The Loneliness of the Long-Distance CartoonistThe Loneliness of the Long-Distance Cartoonist by Adrian Tomine
My rating: 5 of 5 stars

My favourite of the things I've read by Tomine, although I also have two young daughters so that may say more about me than about the work. Much of this volume is taken up with short sketches of the various (sometimes imagined) humiliations Tomine has gone through as a comics obsessive and increasingly successful cartoonist – which are wry and funny and easily digestible. The final section is a bit longer, and documents a typically ridiculous brush with death that nevertheless leads Tomine to write a very moving letter to his children, as well as reflect on the ways his workaholism takes him away from his family and the things that really make him happy. Other readers may find that a trite and obvious endpoint, although as someone very much in the trenches of fatherhood with Tomine it struck particularly true.
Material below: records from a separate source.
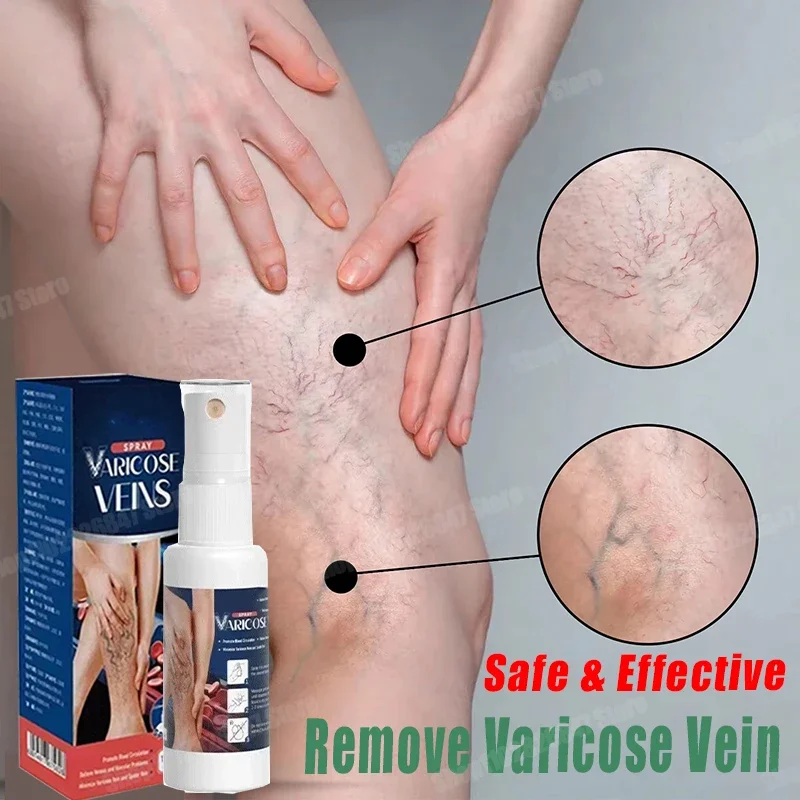 

Rapid Varicose Vein Spray Natural Herb Veins Soothing Essential Oil Spray Vasculitis Phlebitis Spider Vein Earthworm Leg Cure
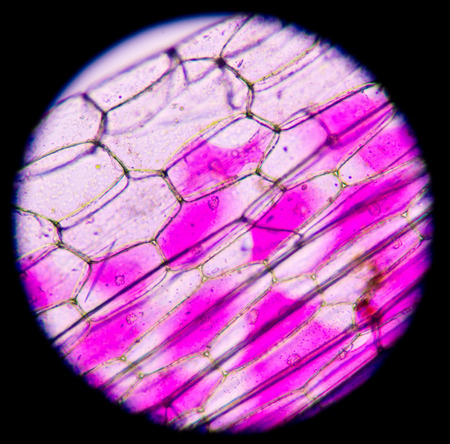 Pink plant cells under microscope.400x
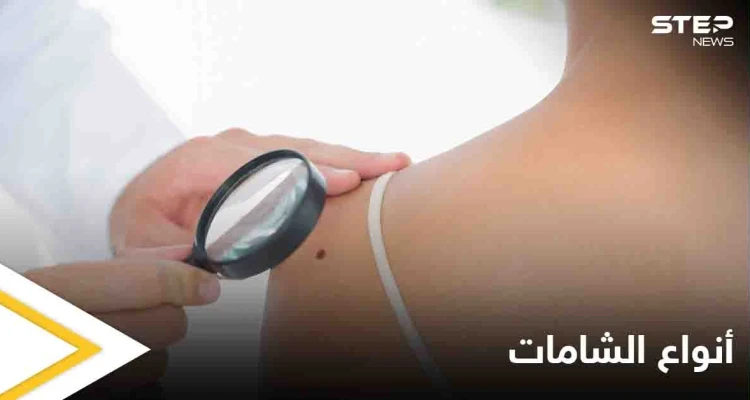 ماهي الشامة وهل لها علاقة بسرطان الجلد تعرف على أنواعها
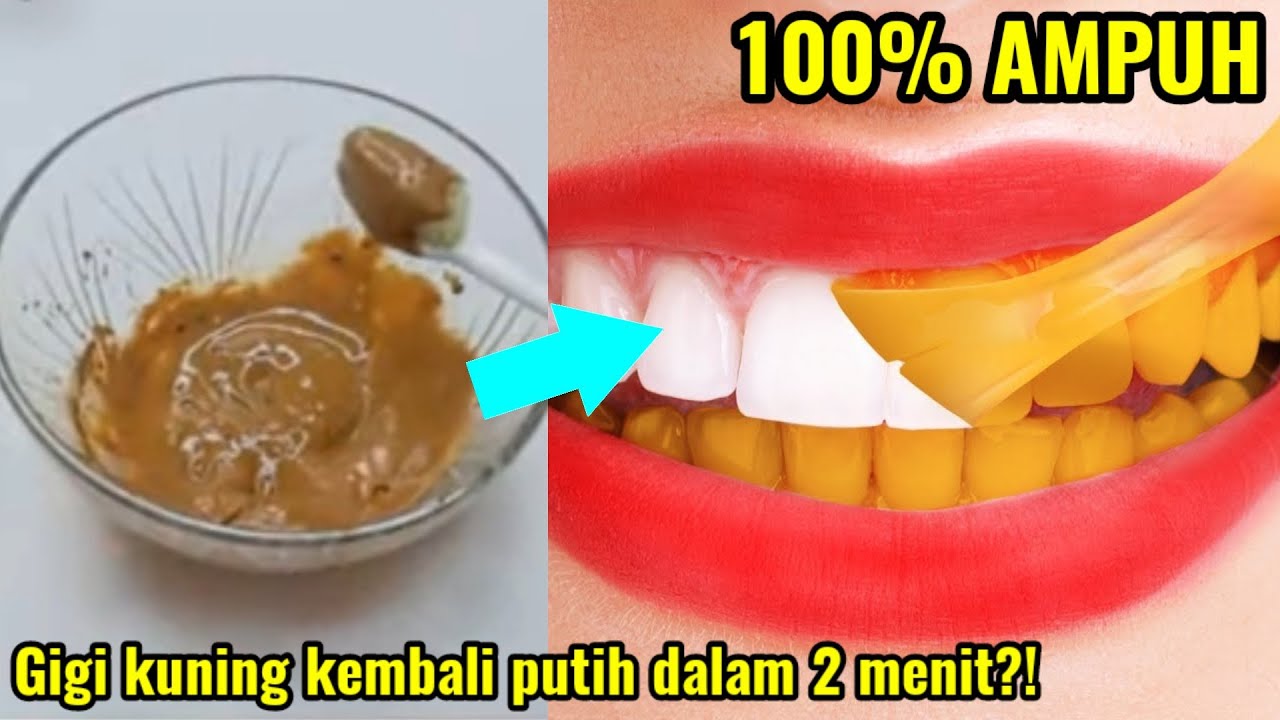 4 Cara Mudah Memutihkan Gigi Kuning Secara Alami, Bisa Dilakukan Sendiri di Rumah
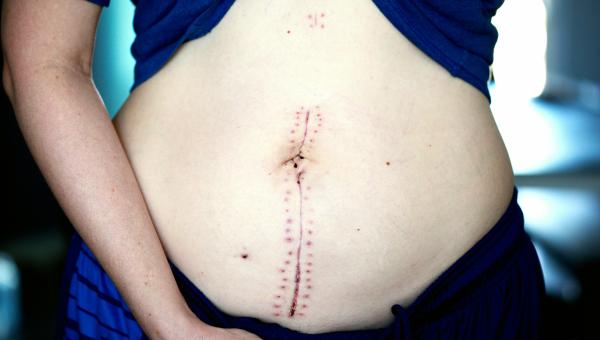 Abdominal surgery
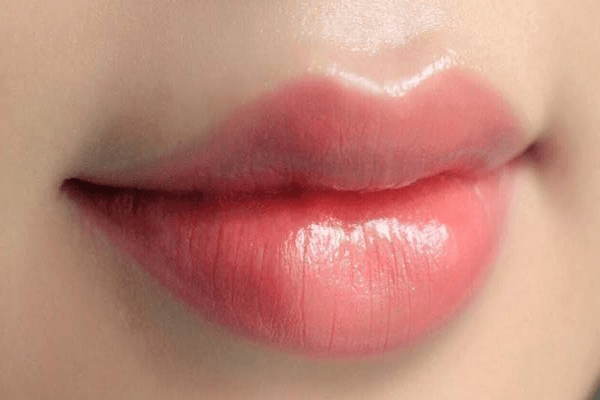 Tiêm filler môi bị bầm tím phải làm sao? Có đáng lo ngại không?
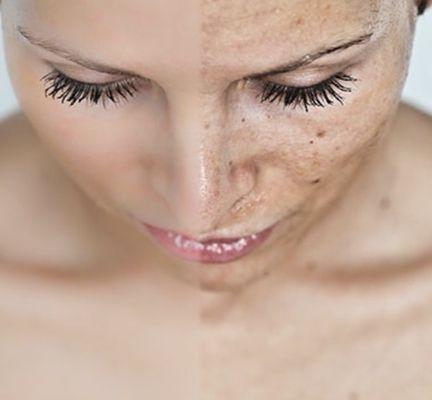 BIO - SKIN Med|Aesthetics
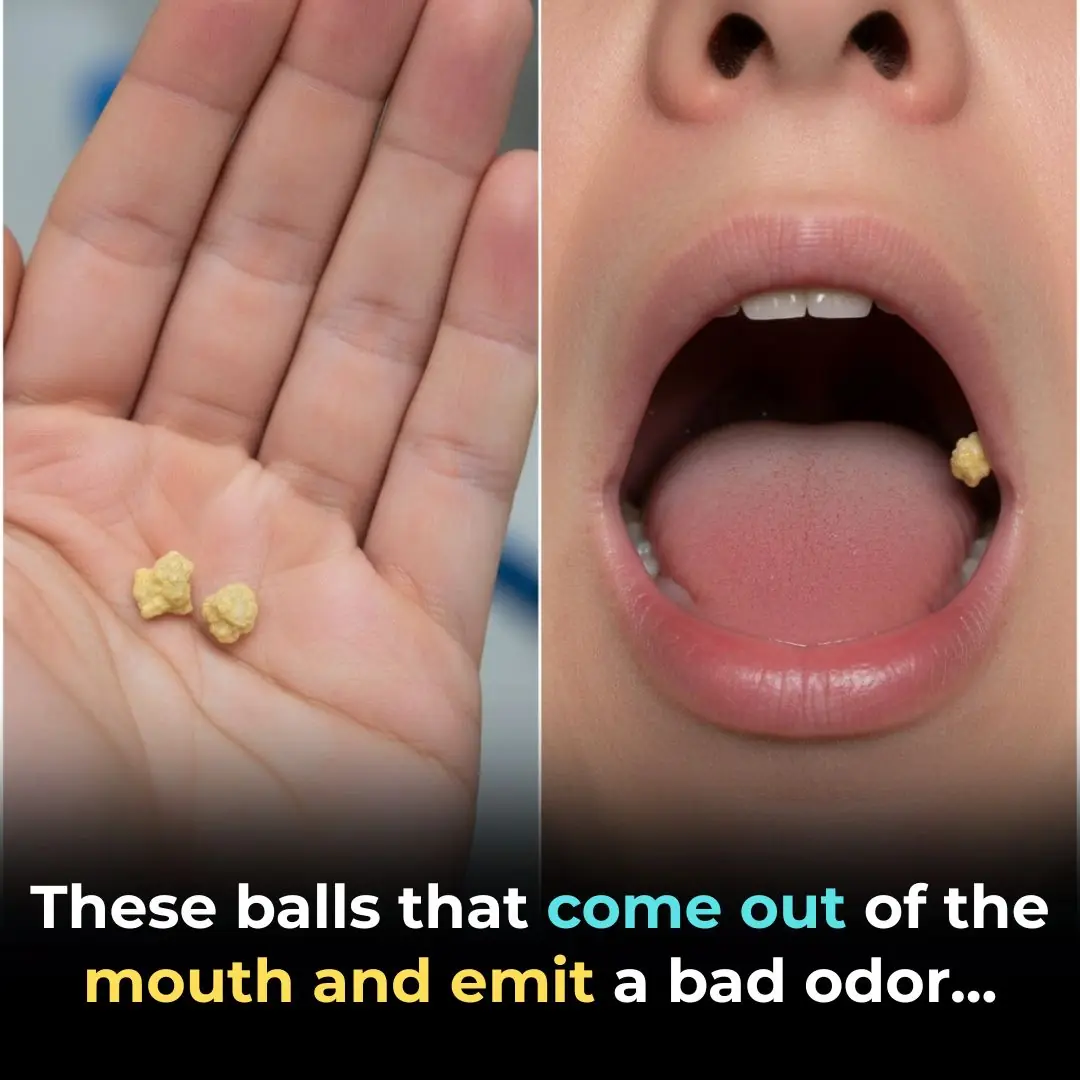 🌿 Natural Ways to Fight Bad Breath & Tonsil Stones — Safely and Effectively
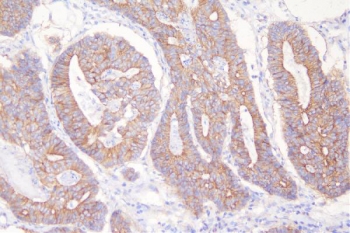 Desmoglein 2 Antibody Rectal Cancer IHC. Immunohistochemistry analysis of FFPE human rectal cancer tissue stained with Desmoglein 2 antibody detecting DSG2. Tumor epithelial glands exhibit strong membranous and cytoplasmic staining with clear accentuation at cell-cell borders, consistent with localization of DSG2 within desmosomal adhesion complexes that maintain epithelial cohesion and structural integrity. The staining highlights glandular architecture within malignant tissue, while surrounding stromal elements show minimal signal. Hematoxylin counterstain highlights nuclei in blue. HIER: boil tissue sections in pH 8 EDTA for 20 min and allow to cool before testing.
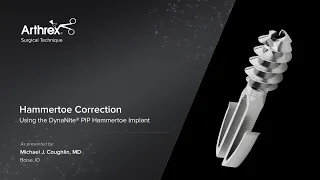 Hammertoe Correction Using the DynaNite® PIP Hammertoe Implant
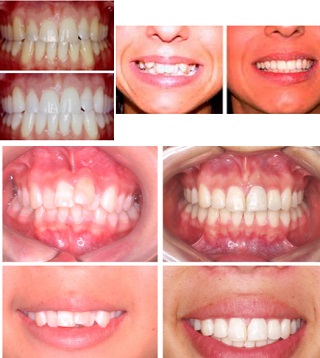 limas-dientes-stripping-comparacion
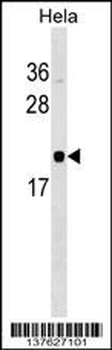 RWDD1 Antibody (N-term)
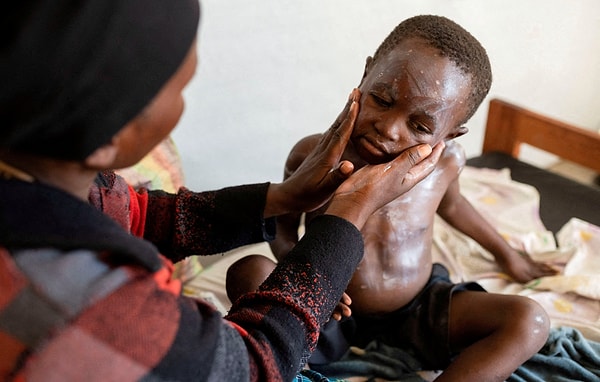 Bağışıklık sistemlerinin daha az gelişmiş olması nedeniyle çocukların mpox salgınından daha fazla etkilendiği görülüyor. Çiçek hastalığının yayılmasında yakın temasın önemli bir rol oynadığını vurgulayan Dr. Ngadjole, "Çocuklar her zaman birlikte oynuyorlar ve sosyal mesafeye pek önem vermiyorlar" diyor.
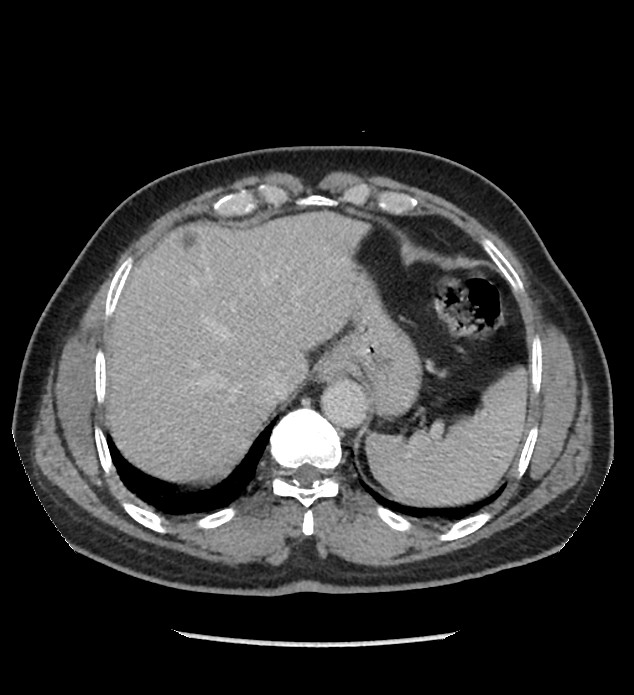 Chromophobe renal cell carcinoma (Radiopaedia 86879-103083 C 20).jpg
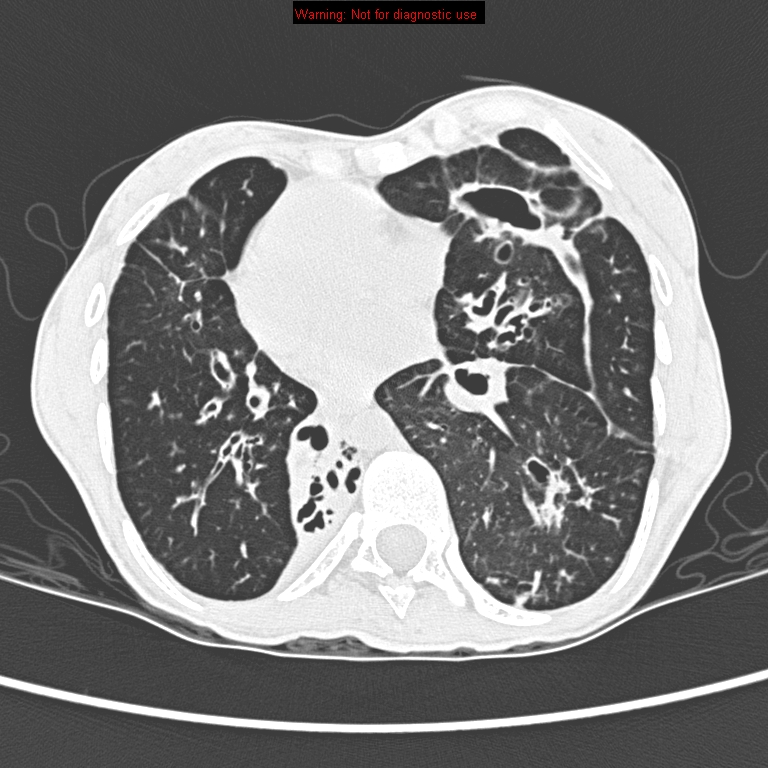 Kartagener syndrome | Image | Radiopaedia.org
The final irony of the piece is that the cartooning urge cannot be suppressed – Tomine channels his insight about the importance of a life outside work into yet more work. Perhaps the format of the book – a square-ruled notebook rather than a typical trade paperback – suggests an artist more at ease with his craft, jotting things down as they come rather than locking himself away from the wife and kids to slave over another critically-acclaimed tome. I hope so, for his sake and mine.